Start of Excerpted data
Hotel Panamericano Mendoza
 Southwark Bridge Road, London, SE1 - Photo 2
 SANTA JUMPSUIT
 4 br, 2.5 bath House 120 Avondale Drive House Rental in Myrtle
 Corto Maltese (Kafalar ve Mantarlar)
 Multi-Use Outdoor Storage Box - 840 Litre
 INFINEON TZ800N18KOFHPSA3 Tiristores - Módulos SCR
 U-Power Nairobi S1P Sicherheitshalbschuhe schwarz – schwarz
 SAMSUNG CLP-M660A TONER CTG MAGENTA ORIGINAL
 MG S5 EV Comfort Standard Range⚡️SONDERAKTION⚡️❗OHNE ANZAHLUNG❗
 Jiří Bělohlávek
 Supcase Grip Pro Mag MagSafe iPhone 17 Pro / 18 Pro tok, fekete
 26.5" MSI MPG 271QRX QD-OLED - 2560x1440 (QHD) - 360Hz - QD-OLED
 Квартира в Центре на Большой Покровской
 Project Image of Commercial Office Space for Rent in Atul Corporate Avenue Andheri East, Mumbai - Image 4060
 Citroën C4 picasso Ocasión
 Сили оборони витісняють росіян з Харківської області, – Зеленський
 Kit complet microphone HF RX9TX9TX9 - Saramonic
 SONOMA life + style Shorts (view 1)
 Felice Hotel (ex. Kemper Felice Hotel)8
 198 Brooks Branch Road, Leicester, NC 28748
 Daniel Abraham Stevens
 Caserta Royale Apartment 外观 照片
End of Excerpted data
**Exercise aim**
Return, word for word, the lines of the data above from the line with "Corto Maltese (Kafalar ve Mantarlar)" through the line with "360Hz - QD-OLED", inclusive.

**Answer below**
 Corto Maltese (Kafalar ve Mantarlar)
 Multi-Use Outdoor Storage Box - 840 Litre
 INFINEON TZ800N18KOFHPSA3 Tiristores - Módulos SCR
 U-Power Nairobi S1P Sicherheitshalbschuhe schwarz – schwarz
 SAMSUNG CLP-M660A TONER CTG MAGENTA ORIGINAL
 MG S5 EV Comfort Standard Range⚡️SONDERAKTION⚡️❗OHNE ANZAHLUNG❗
 Jiří Bělohlávek
 Supcase Grip Pro Mag MagSafe iPhone 17 Pro / 18 Pro tok, fekete
 26.5" MSI MPG 271QRX QD-OLED - 2560x1440 (QHD) - 360Hz - QD-OLED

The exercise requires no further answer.